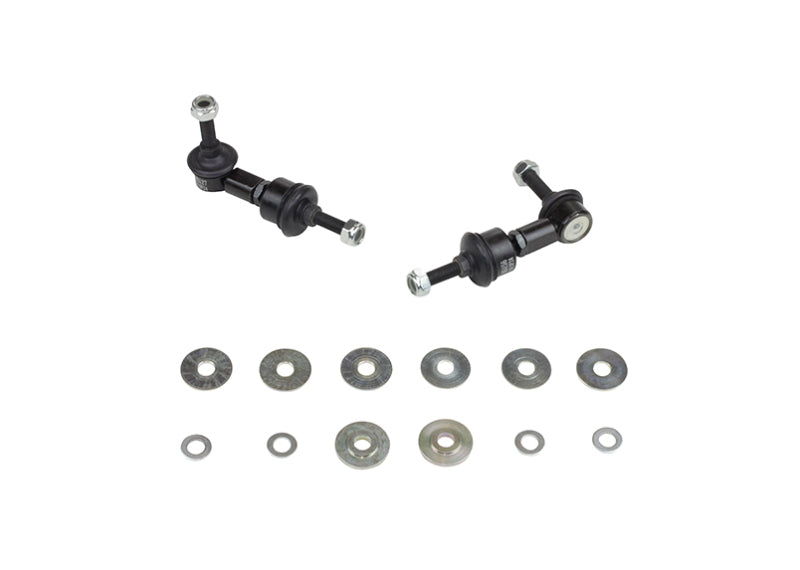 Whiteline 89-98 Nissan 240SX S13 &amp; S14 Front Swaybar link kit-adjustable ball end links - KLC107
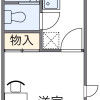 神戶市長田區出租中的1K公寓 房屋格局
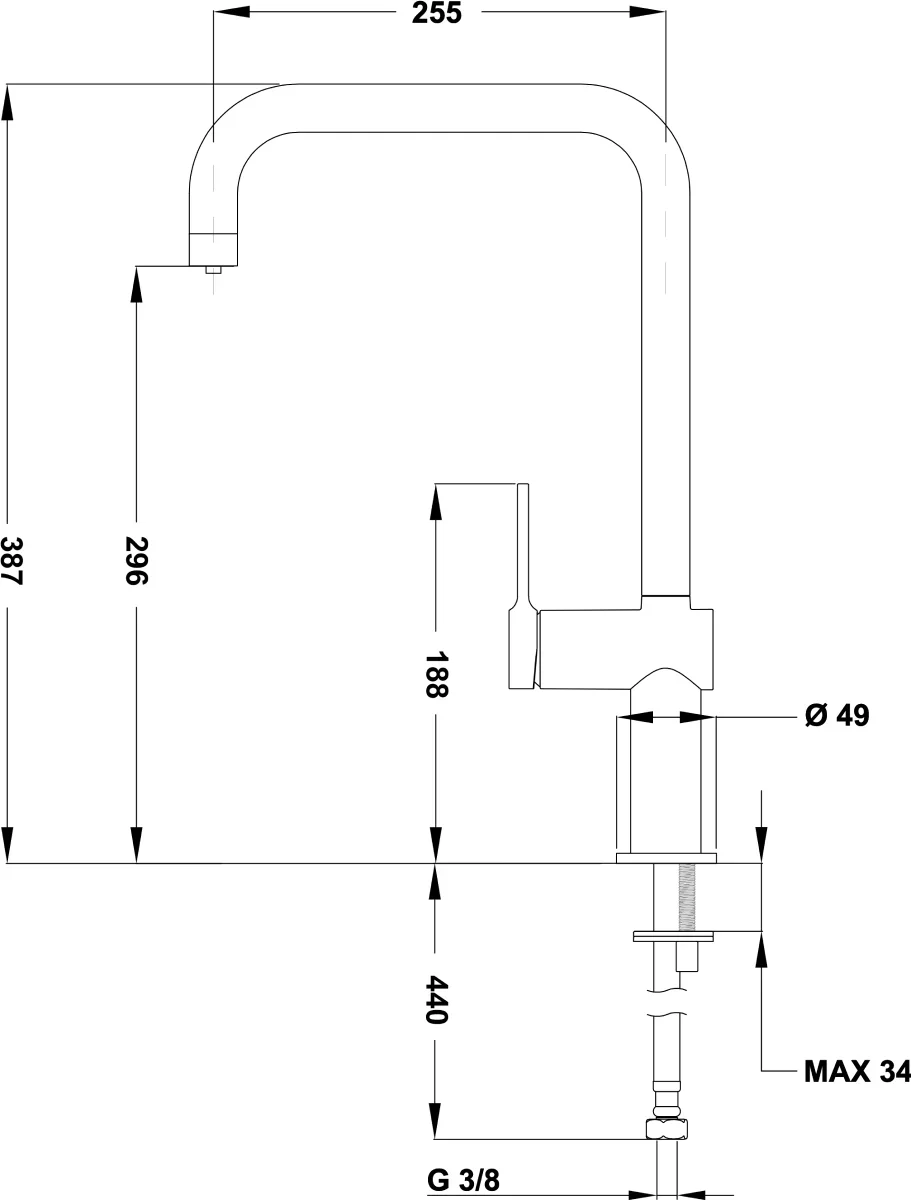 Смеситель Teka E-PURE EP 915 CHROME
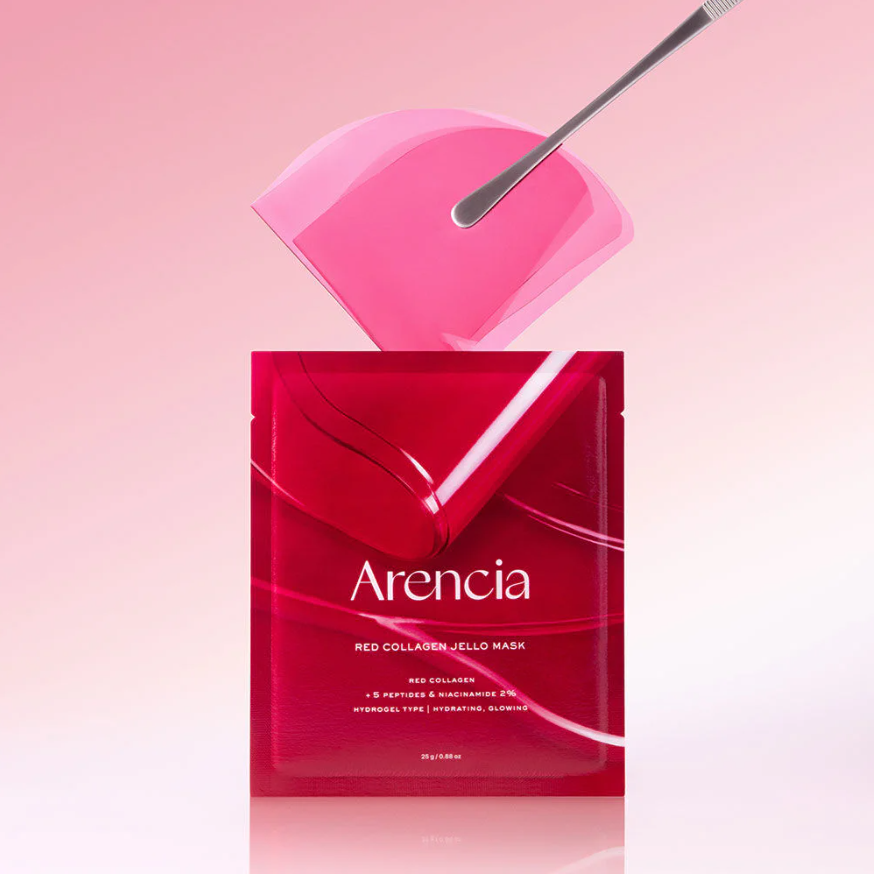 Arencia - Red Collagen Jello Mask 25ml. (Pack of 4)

--

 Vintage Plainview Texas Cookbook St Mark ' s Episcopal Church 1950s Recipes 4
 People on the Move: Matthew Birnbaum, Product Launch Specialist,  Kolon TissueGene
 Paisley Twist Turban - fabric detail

— Work to be completed —
Of the lines above, output exactly those from the line bearing "Vintage Plainview Texas" through the line bearing "Paisley Twist Turban - fabric detail", inclusive.

— Answer to this exercise —
 Vintage Plainview Texas Cookbook St Mark ' s Episcopal Church 1950s Recipes 4
 People on the Move: Matthew Birnbaum, Product Launch Specialist,  Kolon TissueGene
 Paisley Twist Turban - fabric detail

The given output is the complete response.